So I thought it’d be appropriate to draft a list of ideas for my future, a sort of plan if you would. I’ve drafted a new plan, or at least a new branch of a general outline I’ve had for a while now. I suppose due to the current circumstances I’ve been provided, I’ve had an additional burst of encouragement to create a new strategy, and hopefully be able to follow through with it.
Firstly, I’m contemplating taking Psychology at Marymount Manhattan College (Yes, it is located in the Upper East Side of Manhattan, the neighborhood my ex lives in…however, I felt this would be an appropriate challenge to me to face this memory and study and live in a neighborhood I very much so like to be in. Expensive, yes. Achievable…yes.) I also felt this would be good because of the general type of people in this neighborhood. I seemed to have taken a liking (if only for a little while) to one of it’s residents, and I suppose I can do it over again and hopefully more successfully this time around. Although compared to this fiasco, I think nothing short of a hurricane would be more successful. I guess I just like well educated people. Also the area is real nice and convenient. Lots of things to do and many places to eat. I won’t let one person deter me from living my dream.
There was a point where I thought my dream would include my ex in it. That we’d be living happily ever after in the city and working. Like some sort of TV show. But I suppose that person will be someone else now, because not in the rest of my natural human life will I ever revisit her, even only as a friend. So yes, I figured I would take Psychology, since I want to be a Detective. It could potentially help. And it’s a nice little liberal arts college, not the cheapest, but affordable. Twelve to one student to teacher ratio. I was always told by my guidance counselor a small liberal arts college would be the place I would succeed in best, since I do operate best in a close knit environment. Plus it looks like some seriously hot bitches go to this school.
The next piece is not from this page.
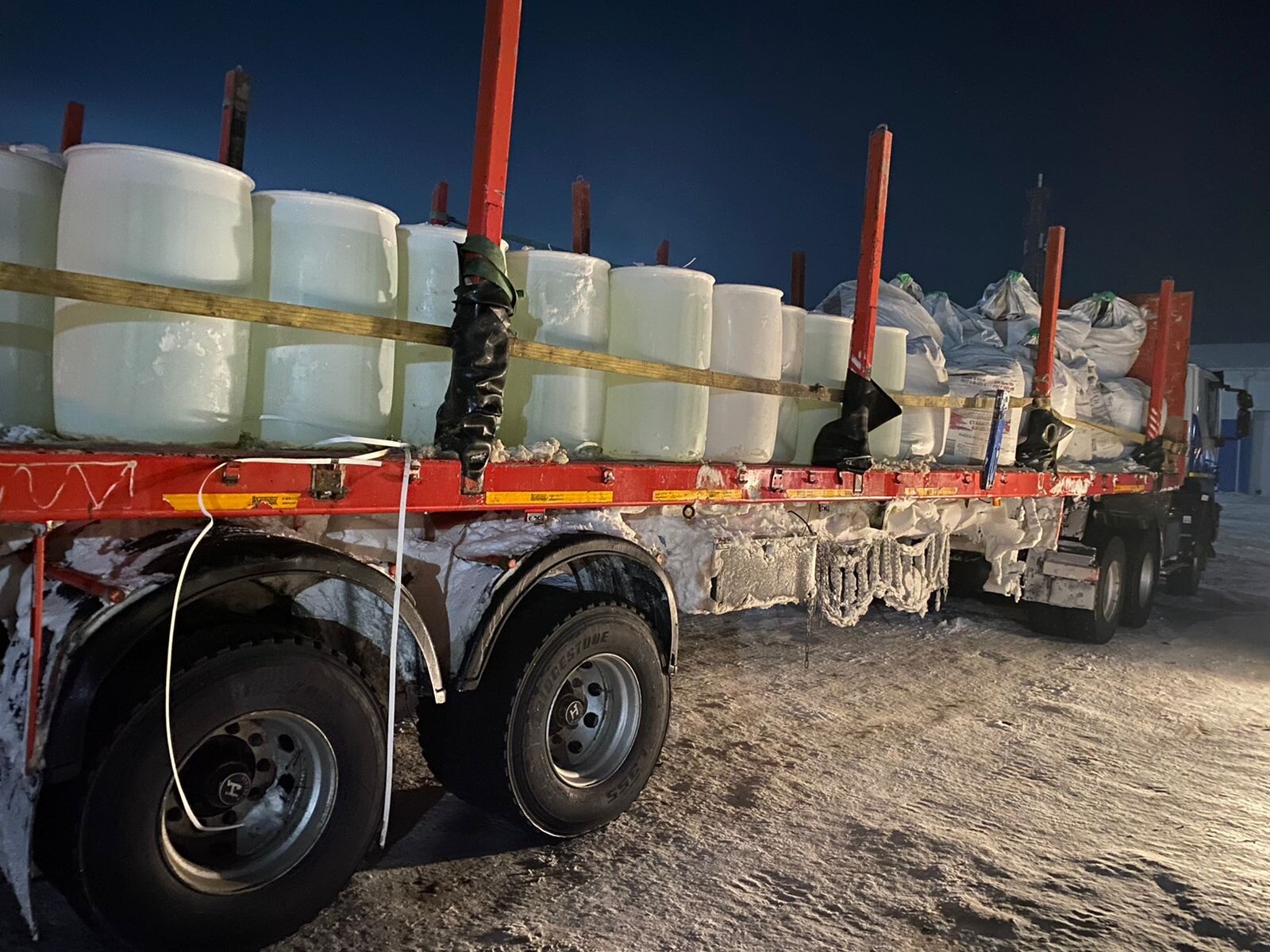 Разлив соляной кислоты произошел в красноярской тайге в результате аварии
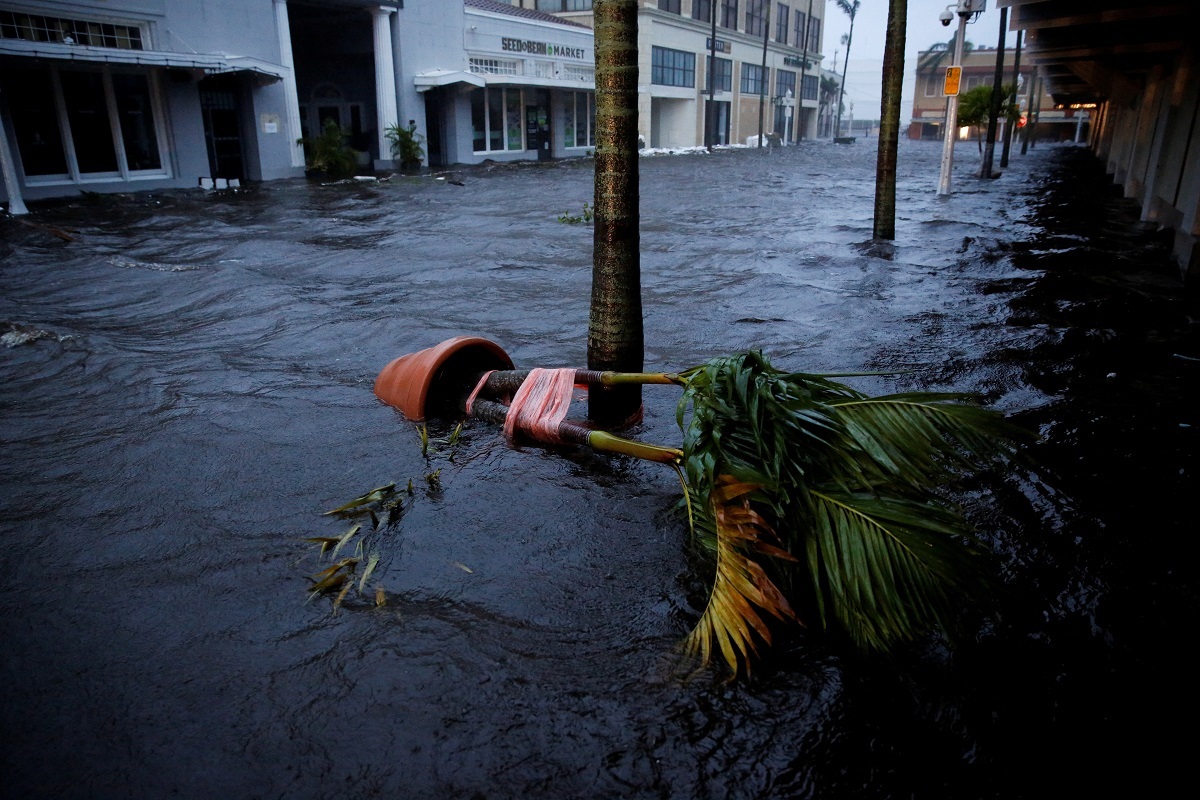 A flooded street is seen in downtown as Hurricane Ian makes landfall in southwestern Florida, in Fort Myers, Florida, US Sept 28, 2022. (Photo by Reuters)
That’s pretty much the only new part of my plan. I still want to enter the NYPD, and become a Detective. Hopefully work in the Crime Scene Unit. I just am not limiting myself to John Jay College anymore. In fact, it’s become a secondary now. Sure, it specializes in Criminal Justice, but I think I’d rather put myself before my college life. Besides, you don’t even need to major in Criminal Justice to be a Police Officer, so it doesn’t really matter. I guess I figured in two or so years, I’d like to revisit the neighborhood I loved so much during the stint of seven or so months that I somewhat lived there. But in reality, it’s not just the sights and places I want to see. It’s falling in love. If I can do it once, I’ll be damned if I can’t do it again. And this time around it may actually be true love, and not some gigantic lie where all I was, was some sort of test dummy.